As the world is busy debating whether women or men can have it all, it strikes me as unfortunate that we are even having this debate.  “You cannot have it all” is a lesson we teach our kids from a young age.  As part of parenting, many of us teach our kids that they have choices and they need to make a choice.  So, why is it that as adults, we seem to be busy debating who has more or if anyone can have it all?  Of course we cannot have it all. We don’t have infinite time – there are times when we do have to make a call between taking our children to the park and staying late at work to meet a milestone.  Or, even tougher choices about going to our child’s recital vs a big presentation perhaps.  And some women may want to do so much of one that they opt out of the other.  That is perfectly fair and fine.  All the debate only applies to those women that want to have a career (not necessarily at the expense of everything else).  But the key point this debate seems to miss is that it is about encouraging women to believe in themselves and focus on their strengths.
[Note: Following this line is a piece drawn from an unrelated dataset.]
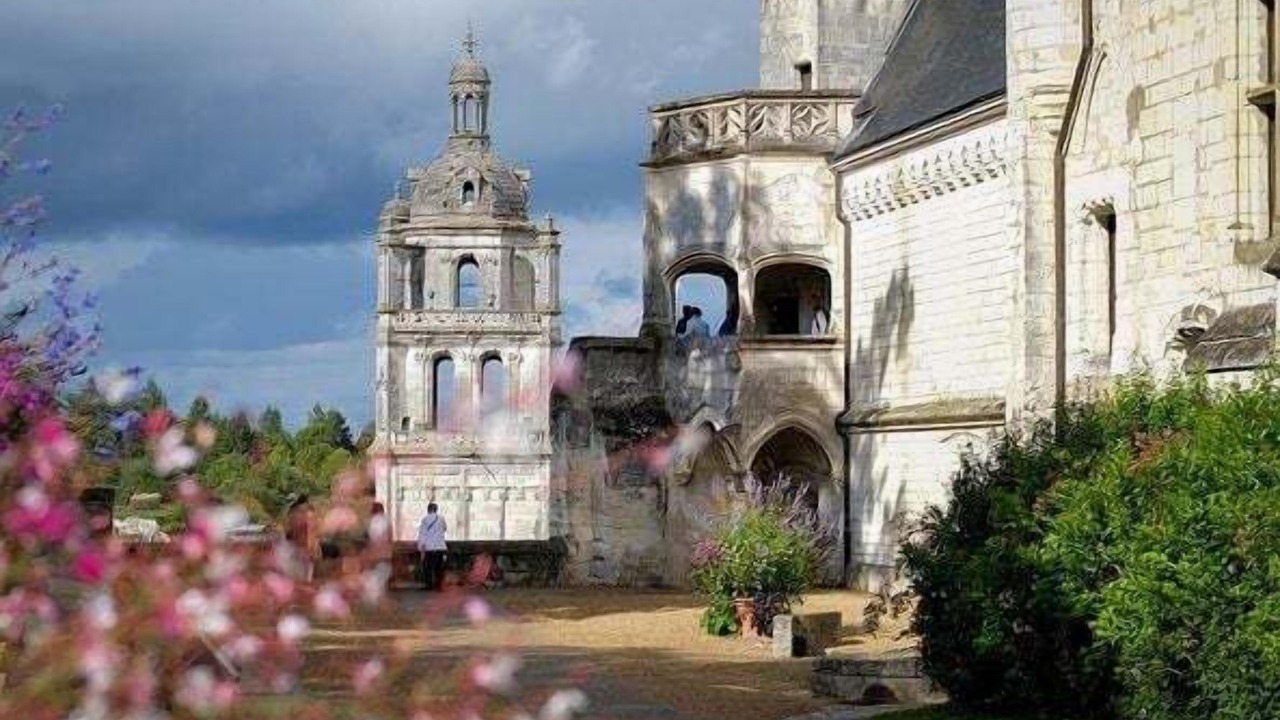 Photo of Others in Loches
I wrote about empowering women a while ago.  Sandberg’s TED talk sends a similar message.  If you aspire to have a career, the #1 thing you have to do is to be confident of yourself.  On a related note, over the years, there has been a lot of debate on whether it is necessary for a woman to look good to be successful (do looks matter?).  I strongly believe it is tied back to self-confidence – the confidence that comes naturally when we feel good; the feeling that sometimes comes when we think we look good!  So, it is necessary to dress for success – only in a way that maps to our confidence.
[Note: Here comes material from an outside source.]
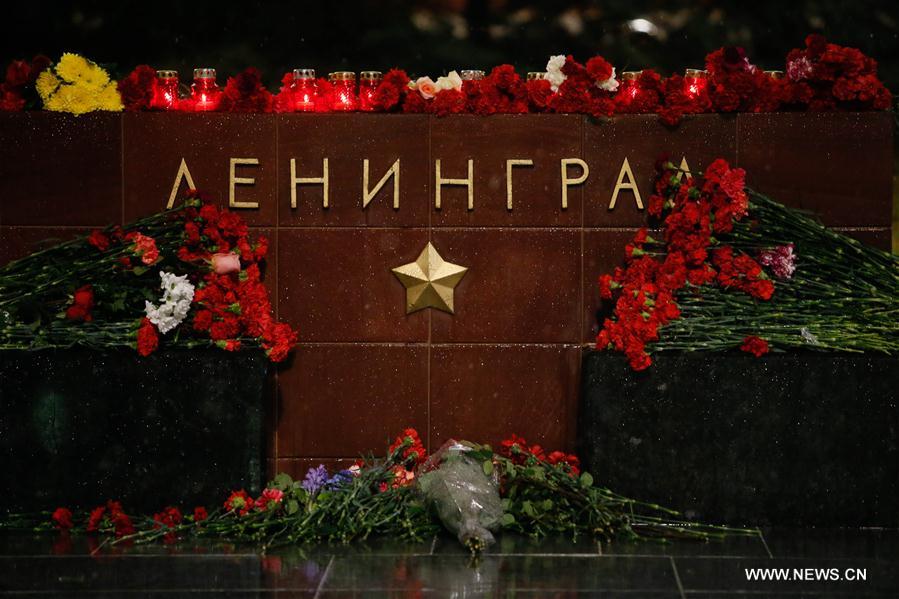 RUSSIA-MOSCOW-ST. PETERSBURG-SUBWAY-EXPLOSION-MOURNING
As women, we are wired to think differently from men.  That is a known theory, one that we see play out a lot in life.  However, being more self aware of our strengths and weaknesses can bring so much to our success.  There is no reason for us to hold back.  We need to know that we can do as well as our male counterparts.  We need to forget about gender for that moment and pull up a chair “at the table”, to borrow Sandberg’s phrase.  More often than not, it is us, women, that self-impose restrictions on ourselves.  If we believed we can do it and we acted like we can do it, the rest will follow.  Let’s focus on the fundamental message of leadership here instead of the futile debate on having it all!